Of all the MPs past and present over the past 20 years, I would argue that Bronwyn has been among the hardest working, dedicated and energetic MPs the Parliament has seen. She has that rare ability to connect with people. She can still upstage many a minister at public gatherings. Her ability to connect is why each election campaign she continues to be one of the biggest crowd pullers, particularly with older voters. Business groups, women's groups, school groups, Liberal Party functions, community groups – Bronwyn is always willing and happy to attend and more importantly, people want to hear her speak. How many backbench MPs (or even ministers) continually get called upon to attend so many functions, across so many parts of our nation?

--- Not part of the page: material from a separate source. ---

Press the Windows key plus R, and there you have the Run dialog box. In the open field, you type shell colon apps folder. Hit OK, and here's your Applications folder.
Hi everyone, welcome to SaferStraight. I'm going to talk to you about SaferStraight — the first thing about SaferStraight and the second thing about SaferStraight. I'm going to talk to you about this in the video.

Like Bronwyn or not, you know where she stands and what she stands for. You know she works hard to push her point and make change happen. She is indefatigable.
Bronwyn has that rare ability to explain to people the complex issues we face in a way that makes people feel part of the process and, more importantly, empowers them to become part of the solution.

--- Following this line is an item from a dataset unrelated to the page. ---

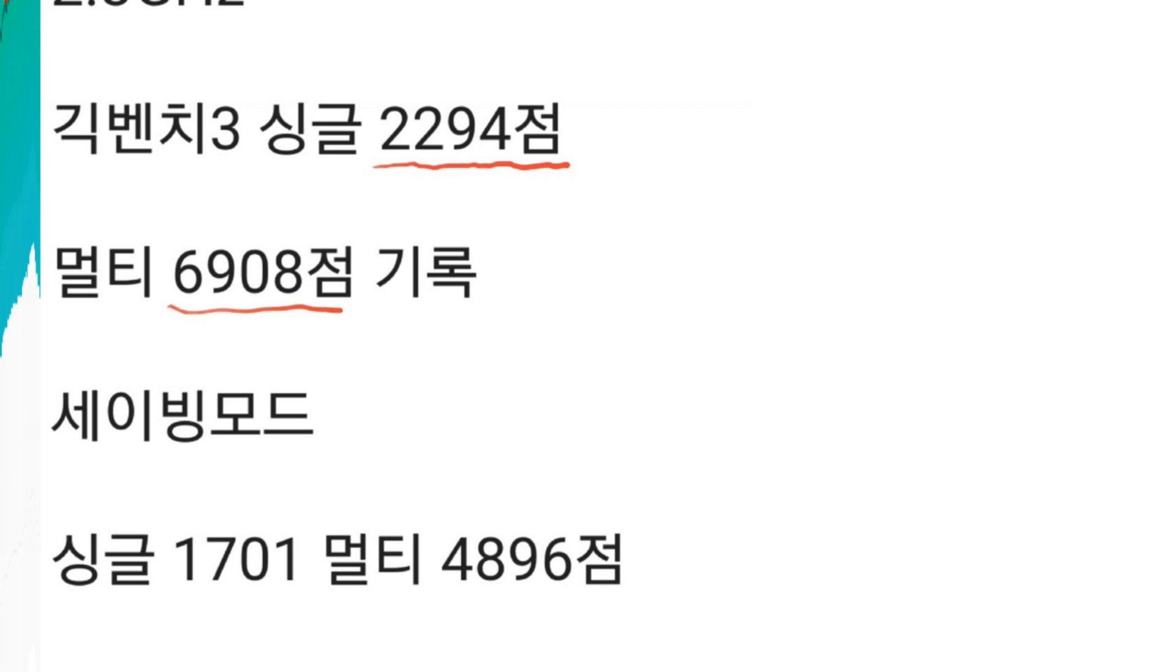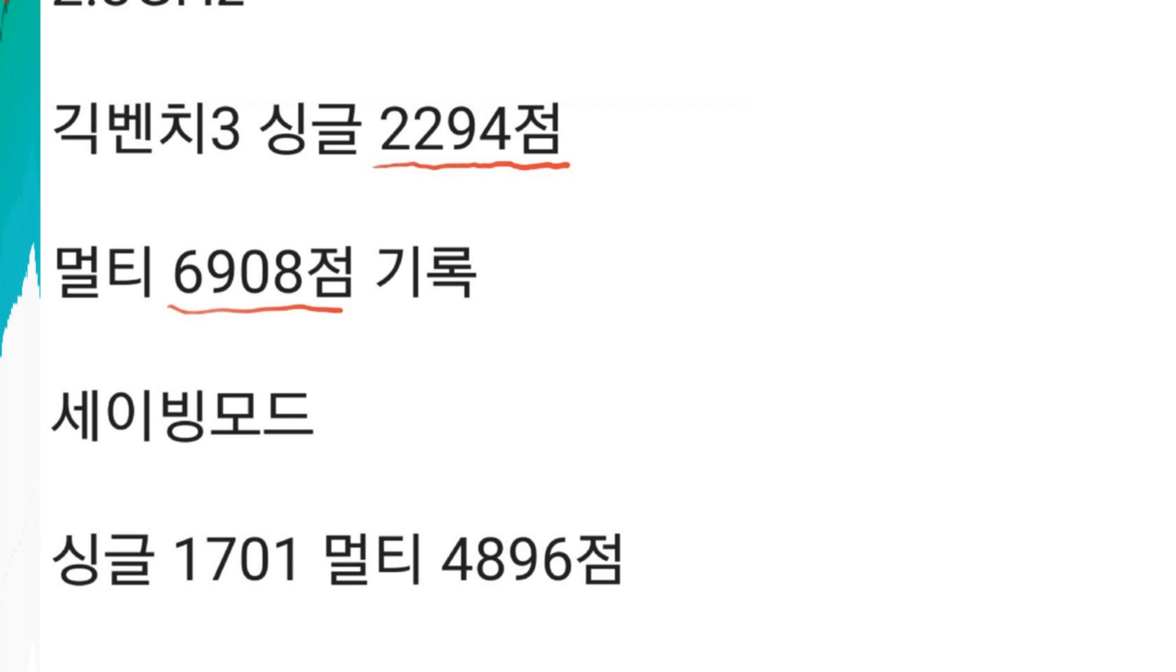So the Galaxy S7 scores 6,908 which is again insane. It is almost 7,000 and I think the fastest mobile device that we have with the Geekbench score is the iPad Pro. So I think it's even way more ahead than the iPad Pro which scores around 5,500 plus maybe. I'm not sure but I think this is the highest score. We have 7,000, wow.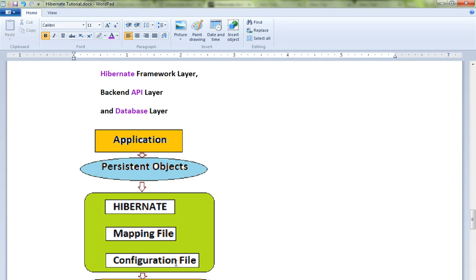And the mapping file - you can ask me what's the use of the mapping file? The use of the mapping file is to map between the entity and the table. I'm going to show you an example.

Bronwyn has always lived up to her Liberal values and has made a significant contribution to the Australian political landscape. As a minister, she implemented a mandate that foreign defence contractors must have a large presence of local employees if they wish to win tenders. In the last few years of the Howard government she invigorated the backbench to get active on tax reform (with Senator Fifield), which forced the cabinet to back the reforms. Now she chairs a parliamentary committee hearing into the quality and quantity of local news services for regional Australia.
Australia needs politicians like Bronwyn. I am a firm believer in the two-party system. Yet both parties seem to be on trajectory of alienating and disempowering Australians who are or want to be part of our political journey. National politics is becoming a club of insiders that is foreign and daunting for everyday Australians.
What message are we sending when on the one hand we are saying now is the time for older Australians to do more, be active and continue in the workforce, while at the same time we are willing to push out one of the most talented and successful members of Parliament? Some of the leading candidates in the US presidential elections will be in their 70s if they secure the keys to the White House. Taking into account all the recent retirements in the Australian Parliament, there are now only two MPs out of the 150 that are aged over 65. Yet 15 per cent of the Australian population is aged 65 or over. And this is growing every year. Bronwyn represents an important constituency, but more importantly she is a role model for that constituency.
Yes she made a mistake, but if we continue to raise the bar of recrimination we will end up with political droids, with no real passion or ability to inspire Australians to be active in our polity.
Like her or loathe her, there is a simple yet undeniable fact. Bronwyn has the ability to bridge the divide between the political class and the electorate. Political parties need people who can connect with Australians to bring them back into the national debate. Bronwyn has that ability to connect, motivate and draw people to her. Her drive and capability is as strong today as it was when she first became the member for Mackellar. To lose it, would be churlish and the nation, and national political debate would be the poorer for it.
Jeremy Mitchell was an adviser to Bronwyn Bishop from 1993-97.